Gazprom’s defeat had been in fact “pre-programmed” by the company itself, suggested Mikhail Krutikhin, a partner with Moscow consultancy RusEnergy. In an interview with DW, he said that in 70 percent of cases over the last four years, consumers of Russian gas in Europe had succeeded in getting the terms of their contracts with Gazprom reviewed, including requirements envisaged by the take-or-pay clause. In all those cases, the Russian company made concessions in out-of-court settlements. Gazprom, however, demonstrated “an absolute inflexibility” in its deal with Ukraine, Krutikhin said.
Krutikhin believes that Russia’s tough position in this case has political reasons: “What was going on in relations between Gazprom and Naftogaz is a purely political situation. Gazprom acted as the Kremlin’s political instrument, and not as a normal company.” As a result, the company has closed the Ukrainian market for itself and lost potential revenues. Relations between Moscow and Kyiv soured after Russia’s annexation of Crimean peninsula in March 2014.
Consequences for Gazprom’s other contracts?
Meanwhile Gazprom was rather tightlipped in its comments on the Stockholm arbitration decision. The company’s head Alexey Miller noted on Thursday that it’s an interim ruling, with the final decision expected to come at the end of June, when the arbitration panel is set to rule on the size of possible monetary compensation.
Timothy Ash of BlueBay Asset Management suggested the court might oblige Gazprom to pay a significant award to its Ukrainian partner, “and I can’t see Gazprom not paying.” Ash also said that the ruling was rebalancing the relationship between Gazprom and its customers.
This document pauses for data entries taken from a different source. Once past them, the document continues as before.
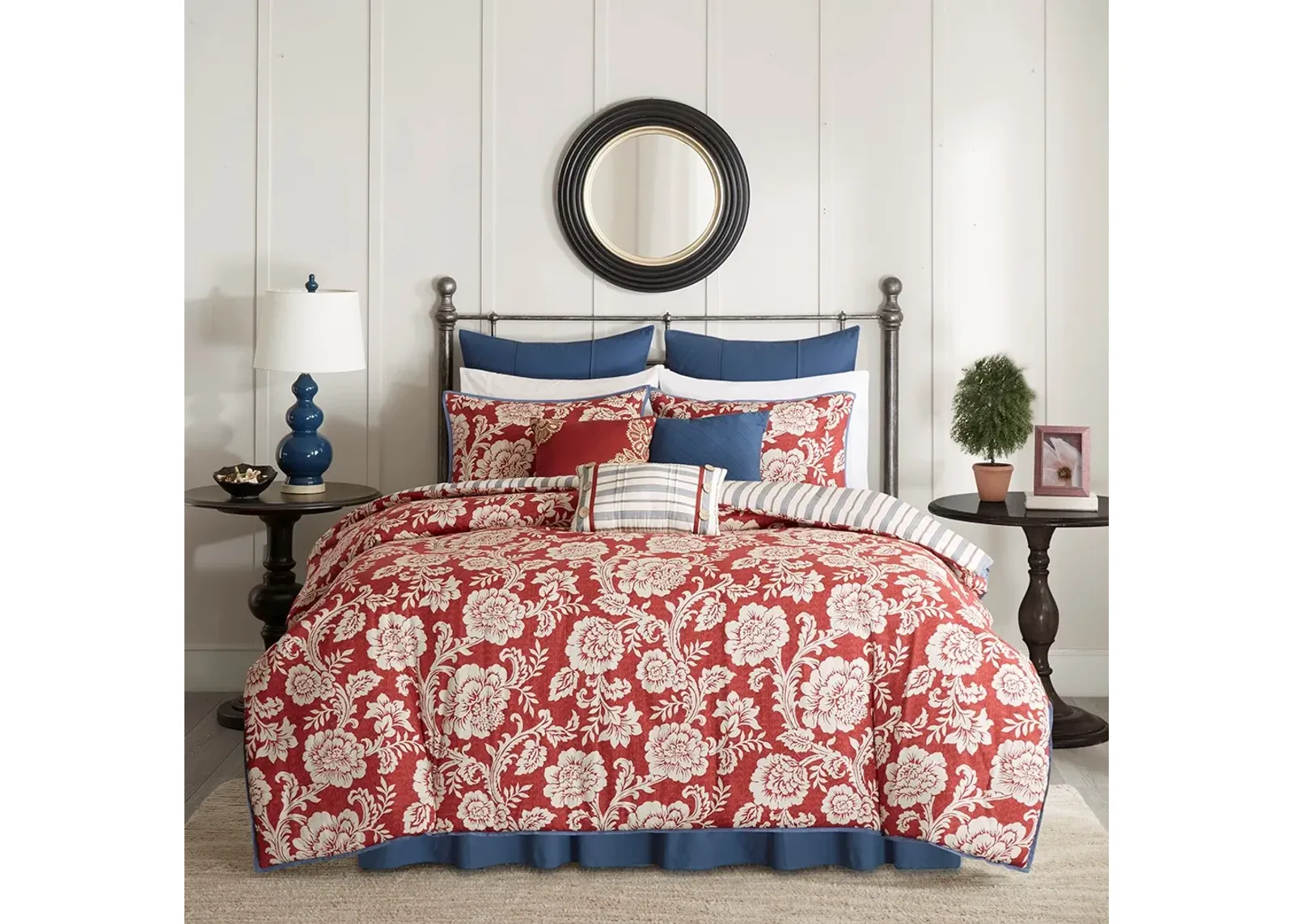 Olliix by Madison Park 9 Piece Red Queen Lucy Cotton Twill Reversible Comforter Set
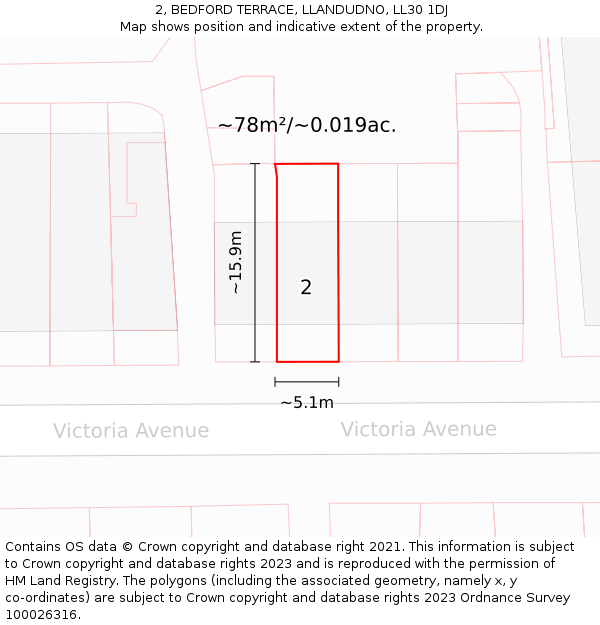 2, BEDFORD TERRACE, LLANDUDNO, LL30 1DJ: Plot and title map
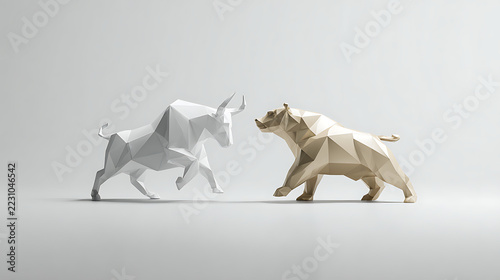 Bull and bear expressed as opposing market states through elegant minimal forms designed for rapid interpretation in financial media, disciplined digital environment with orderly spacing and professio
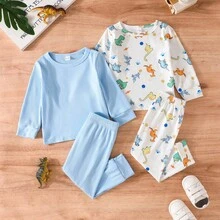 Bộ quần áo thun dài tay in hình khủng long/màu trơn mùa thu cho bé trai, phong cách giản dị, phong cách đi học - Nhiều màu - Xem 4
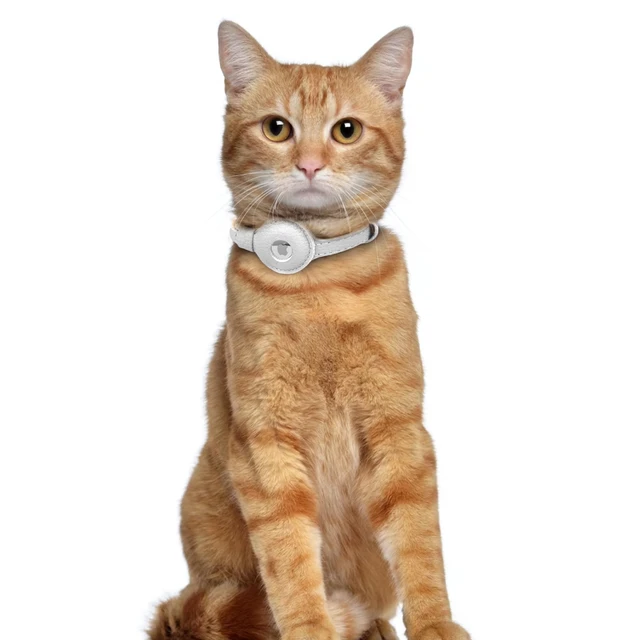 Alt view image 6 of 6 - Leather AirTag Cat Collar with Bell - Non Breakaway Kitten Collar with Apple Air Tag Holder - Lightweight GPS Pet Collars for Girl Boy Cats, Small Dogs, Puppies (White)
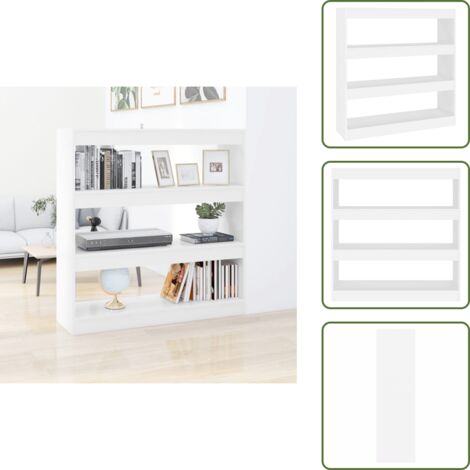 Arredamento - vidaXL Libreria/Divisorio Bianco 100x30x103 cm - Libri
In a note for investors, Russian bank VTB Capital said the cancellation of the take-or-pay clause “looks like a loss for Gazprom, which tried to defend it as an important part of any long-term gas delivery contract.” Its analysts also suggested this might have additional consequences for Gazprom’s other contracts with consumers in Europe.
According to Krutikhin, the Russian gas monopoly “will have to acknowledge the existing reality.” Ukraine has not been buying Russian gas for more than a year now, relying on reverse gas supplies from Europe, he noted, adding that the country “is managing well without [Russian gas].”